I agree, it seems like a reasonable change to make to genpd.

>
> Now, that being said, there is the case where a consumer drops its vote
> for a specific perf state, but since there is another consumer using
> that genpd, it doesn't power down. So that could result in undervolt
> too, but if there is a know such issue on a platform, the responsability
> to handle that would fall on the provider, and there are ways to do
> that.

I believe I understand this use case too, but please correct me if I am wrong.

The "last" consumer device that keeps the PM domain powered on, may
need some basic performance level to be functional (but without having
to put a vote on a performance state from genpd point of view).
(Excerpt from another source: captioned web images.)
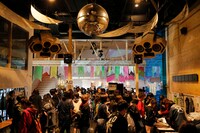 「HighApps SPECIAL!! ～SPRING ROCK PARTY 2015～」が行われた新木場STUDIO COASTの様子。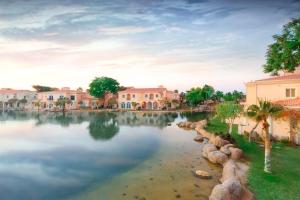 المناظر الطبيعية بالقرب من المنتجعات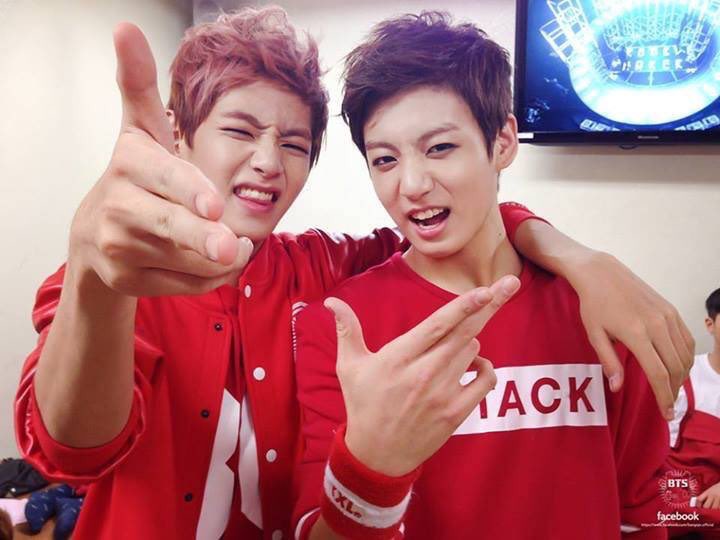 bts_jk_arin's tweet photo. たくさんのarmyさんと繋がりたい😹💗マンネlineよりのおるペンです！BTSが大好きでたまらん😻ってゆうarmyさん！お願いします！#BTS好きな人と猛烈に絡みたいのでこれを見た人はRTしてください #RTした人全員フォローする https://t.co/wW9E5yiqxc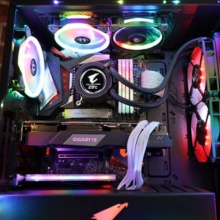 技嘉 AORUS LIQUID COOLER 240散热器 水冷 多平台RGB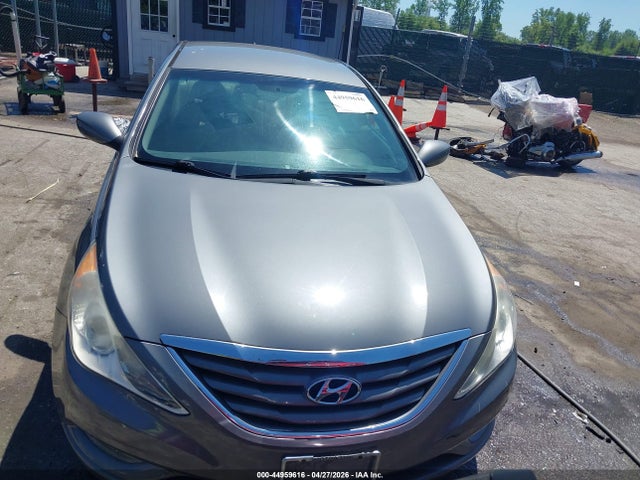 2013 Hyundai Sonata Gls მანქანა იყიდება აუქციონზე, vin: 5NPEB4AC1DH644129, აუქციონის ნომერი: 44959616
That's the main reason why we need to make use of the ->power_on|off()
callbacks in combination with the >set_performance_state() callback
for the Qcom platforms. Otherwise, we could have settled with just
using the ->set_performance_state() callback, like in the Tegra case.

>
> I hope I'm not complicating the problem we're trying to solve here even
> more by adding more scenarios.

No worries, it's fine.

>
> >
> > In other words, just checking whether the genpd is powered off, to
> > decide to cache/postpone the call to the FW to set a new performance
> > state, would mean that we may end up running in a higher performance
> > state than actually needed, right?
>
> Assuming I understood your comment right, in the first scenario you mentioned,
> the actual point when a specific performance state is actually started is on
> ->power_on(), not on ->set_performance(). As you said, the genpd is off,
> so between ->set_performance() and the ->power_on() calls, the
> performance state is still 0 (genpd disabled).
>
> >
> > Perhaps if we would check if the performance state is lowered (or set
> > to zero) too, that should improve the situation, right?
> >
>
> Unless I wrong in the statements I made above, I don't see a need for such a
> check.
>
> Or maybe I missed your point.

Yes, unfortunately I think you did.

On the other hand, it doesn't really matter much. You have convinced
me that the $subject patch makes sense. May I suggest you make a new
submission, skipping the RFC - and try to clarify a bit on the problem
for Qcom specifically in the commit message. Then I will happily give
it my blessing.

[...]

Kind regards
Uffe